Results were comparable to what we reported the last time we tested some "space rock" samples. Excepting the Henbury Iron, of course, all the stony meteorites detected similarly to terrestrial "hot rocks."

As before when testing stonys, I noted the BFO machine and also the VLF portion of the Compass could be tuned to give a positive response. The rest of the machines and the TR/Disc mode of the Compass all responded with a null signal of some kind.

Of all the tests we conducted, the Fisher Gold Bug had the best depth at 14", achieved while reading the Henbury Iron. The Radio Shack was weakest on the Henbury at 9". Not counting the pinpointers, of course!
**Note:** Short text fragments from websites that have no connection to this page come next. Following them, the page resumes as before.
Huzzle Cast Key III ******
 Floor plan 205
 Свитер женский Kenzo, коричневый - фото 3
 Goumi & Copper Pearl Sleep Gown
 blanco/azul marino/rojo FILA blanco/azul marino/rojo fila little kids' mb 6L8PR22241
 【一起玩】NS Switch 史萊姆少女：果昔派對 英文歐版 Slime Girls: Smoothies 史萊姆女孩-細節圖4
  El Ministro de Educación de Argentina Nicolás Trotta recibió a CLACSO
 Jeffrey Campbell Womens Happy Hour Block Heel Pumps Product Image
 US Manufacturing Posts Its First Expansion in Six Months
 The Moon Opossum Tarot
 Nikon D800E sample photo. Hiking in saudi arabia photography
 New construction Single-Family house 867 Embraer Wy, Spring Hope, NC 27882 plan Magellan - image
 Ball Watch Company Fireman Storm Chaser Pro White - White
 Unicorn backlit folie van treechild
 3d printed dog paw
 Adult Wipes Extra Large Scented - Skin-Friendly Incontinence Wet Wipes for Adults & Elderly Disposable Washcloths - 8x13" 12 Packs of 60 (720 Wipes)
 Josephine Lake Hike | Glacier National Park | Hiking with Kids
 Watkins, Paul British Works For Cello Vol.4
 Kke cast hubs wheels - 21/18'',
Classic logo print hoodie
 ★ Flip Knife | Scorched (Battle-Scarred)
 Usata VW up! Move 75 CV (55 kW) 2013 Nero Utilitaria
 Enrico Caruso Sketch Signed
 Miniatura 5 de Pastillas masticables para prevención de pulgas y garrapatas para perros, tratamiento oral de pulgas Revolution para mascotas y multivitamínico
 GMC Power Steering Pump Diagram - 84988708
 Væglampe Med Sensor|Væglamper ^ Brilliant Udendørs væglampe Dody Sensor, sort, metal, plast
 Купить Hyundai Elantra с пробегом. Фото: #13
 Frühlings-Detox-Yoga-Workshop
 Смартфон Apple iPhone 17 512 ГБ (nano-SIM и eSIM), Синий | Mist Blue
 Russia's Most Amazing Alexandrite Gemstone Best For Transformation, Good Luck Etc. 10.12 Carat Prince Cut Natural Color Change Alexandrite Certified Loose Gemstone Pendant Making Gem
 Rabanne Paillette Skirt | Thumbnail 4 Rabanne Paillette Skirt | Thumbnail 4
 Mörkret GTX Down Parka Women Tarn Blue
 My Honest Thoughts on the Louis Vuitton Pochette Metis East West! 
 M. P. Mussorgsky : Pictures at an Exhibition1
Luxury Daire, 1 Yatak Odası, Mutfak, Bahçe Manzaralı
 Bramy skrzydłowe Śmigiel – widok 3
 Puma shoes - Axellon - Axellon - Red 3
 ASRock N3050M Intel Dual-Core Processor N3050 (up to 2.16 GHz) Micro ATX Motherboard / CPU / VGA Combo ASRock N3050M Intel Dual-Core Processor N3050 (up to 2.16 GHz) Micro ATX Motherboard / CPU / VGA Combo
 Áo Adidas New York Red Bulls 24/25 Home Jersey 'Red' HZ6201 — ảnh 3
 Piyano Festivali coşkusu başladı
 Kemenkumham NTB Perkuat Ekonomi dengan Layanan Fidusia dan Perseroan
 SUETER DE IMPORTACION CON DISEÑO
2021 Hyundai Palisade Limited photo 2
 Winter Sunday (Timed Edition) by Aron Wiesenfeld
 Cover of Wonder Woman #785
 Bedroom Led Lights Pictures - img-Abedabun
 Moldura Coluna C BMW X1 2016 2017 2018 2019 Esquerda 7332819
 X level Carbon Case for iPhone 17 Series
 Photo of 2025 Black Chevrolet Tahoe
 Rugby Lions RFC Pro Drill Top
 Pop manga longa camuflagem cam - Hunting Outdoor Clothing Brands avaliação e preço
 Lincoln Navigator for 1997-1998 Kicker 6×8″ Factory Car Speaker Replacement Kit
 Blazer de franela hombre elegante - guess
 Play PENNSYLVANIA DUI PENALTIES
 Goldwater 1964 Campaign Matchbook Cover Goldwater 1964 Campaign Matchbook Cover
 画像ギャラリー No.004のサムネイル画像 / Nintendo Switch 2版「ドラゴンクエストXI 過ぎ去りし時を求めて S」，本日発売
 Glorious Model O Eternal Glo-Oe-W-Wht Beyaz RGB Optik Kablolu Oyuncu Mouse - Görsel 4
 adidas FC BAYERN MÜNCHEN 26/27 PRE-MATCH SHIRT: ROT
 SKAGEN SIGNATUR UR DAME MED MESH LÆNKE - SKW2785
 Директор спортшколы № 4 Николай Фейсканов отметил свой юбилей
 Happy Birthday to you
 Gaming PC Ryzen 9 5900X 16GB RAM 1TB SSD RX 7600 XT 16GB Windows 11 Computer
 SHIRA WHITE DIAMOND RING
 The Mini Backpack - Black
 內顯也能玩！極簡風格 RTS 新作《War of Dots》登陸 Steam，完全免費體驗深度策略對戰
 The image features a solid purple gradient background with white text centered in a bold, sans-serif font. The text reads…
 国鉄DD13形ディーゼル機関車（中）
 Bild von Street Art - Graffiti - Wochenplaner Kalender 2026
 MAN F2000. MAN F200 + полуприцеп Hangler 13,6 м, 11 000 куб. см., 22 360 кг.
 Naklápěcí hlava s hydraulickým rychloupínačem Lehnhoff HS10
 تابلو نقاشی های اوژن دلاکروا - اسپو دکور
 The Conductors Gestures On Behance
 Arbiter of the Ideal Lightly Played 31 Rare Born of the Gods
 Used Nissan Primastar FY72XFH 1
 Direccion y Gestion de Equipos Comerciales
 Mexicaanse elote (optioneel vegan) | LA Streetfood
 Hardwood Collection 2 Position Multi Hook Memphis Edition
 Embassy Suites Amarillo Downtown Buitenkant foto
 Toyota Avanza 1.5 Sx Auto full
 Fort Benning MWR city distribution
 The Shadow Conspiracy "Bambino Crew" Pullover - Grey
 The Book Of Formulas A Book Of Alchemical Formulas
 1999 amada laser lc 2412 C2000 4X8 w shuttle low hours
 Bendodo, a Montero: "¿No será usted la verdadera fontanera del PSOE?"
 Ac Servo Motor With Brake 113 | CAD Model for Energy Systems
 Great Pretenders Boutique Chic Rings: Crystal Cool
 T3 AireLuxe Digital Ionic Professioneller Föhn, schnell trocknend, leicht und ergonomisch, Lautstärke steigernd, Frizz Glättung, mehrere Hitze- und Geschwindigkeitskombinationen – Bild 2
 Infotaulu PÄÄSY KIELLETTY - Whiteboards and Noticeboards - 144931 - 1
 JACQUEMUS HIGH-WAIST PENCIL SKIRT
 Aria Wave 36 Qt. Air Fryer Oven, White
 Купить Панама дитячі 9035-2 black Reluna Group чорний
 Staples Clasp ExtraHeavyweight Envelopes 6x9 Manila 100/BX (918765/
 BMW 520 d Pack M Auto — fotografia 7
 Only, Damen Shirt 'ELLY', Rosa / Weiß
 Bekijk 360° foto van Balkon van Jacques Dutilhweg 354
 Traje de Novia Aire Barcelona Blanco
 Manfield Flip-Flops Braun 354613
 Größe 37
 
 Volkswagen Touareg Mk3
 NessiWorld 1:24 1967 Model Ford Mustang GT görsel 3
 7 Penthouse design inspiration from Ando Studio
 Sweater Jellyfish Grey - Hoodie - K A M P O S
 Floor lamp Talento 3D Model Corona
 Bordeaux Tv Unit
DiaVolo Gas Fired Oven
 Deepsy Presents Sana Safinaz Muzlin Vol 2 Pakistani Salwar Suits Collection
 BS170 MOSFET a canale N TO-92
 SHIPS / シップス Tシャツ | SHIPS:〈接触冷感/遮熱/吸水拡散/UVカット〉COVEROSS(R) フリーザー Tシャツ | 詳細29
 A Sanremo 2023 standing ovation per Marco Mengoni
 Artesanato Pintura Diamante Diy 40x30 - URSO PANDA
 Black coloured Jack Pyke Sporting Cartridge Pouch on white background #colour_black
When it came to the stonys, I was surprised to find the First Texas DX-8500 had the best depth of all the machines, detecting some stonys over 6 inches away from the coil. The Compass and Radio Shack Units were slightly less responsive, but similar in depth, with the Fisher close behind.

Of the tested detectors, the Time Ranger gave the poorest performance on the stonys, reading some of the stony meteorites slightly over 3.5 inches away. It was weakest on the Allende at 1" versus the DX-8500's 4" on the same specimen. I admit to being a little disappointed with the depths the Time Ranger was achieving in these air tests.

In its defense, the Time Ranger displayed a lot of other info about the target's ID, which I feel might give it an edge in the field where one would encounter trash and other targets, plus it is by design less sensitive to hot rock signals.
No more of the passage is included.